### Problem requirements
Quote the entries below from the line with "Gambar produk XIRAN" through the line with "BMW M5, 2024", both ends included, and only those lines.

### Supplied records
* * * * * * *

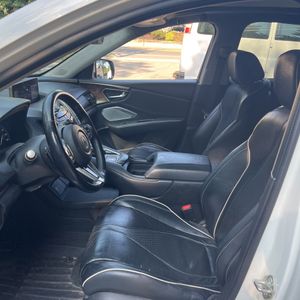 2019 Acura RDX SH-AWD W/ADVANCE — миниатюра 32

* * * * * * *

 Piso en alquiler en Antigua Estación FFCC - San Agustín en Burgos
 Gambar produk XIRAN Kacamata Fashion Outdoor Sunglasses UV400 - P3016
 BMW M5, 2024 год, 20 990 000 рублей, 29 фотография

* * * * * * *

### Response area
 Gambar produk XIRAN Kacamata Fashion Outdoor Sunglasses UV400 - P3016
 BMW M5, 2024 год, 20 990 000 рублей, 29 фотография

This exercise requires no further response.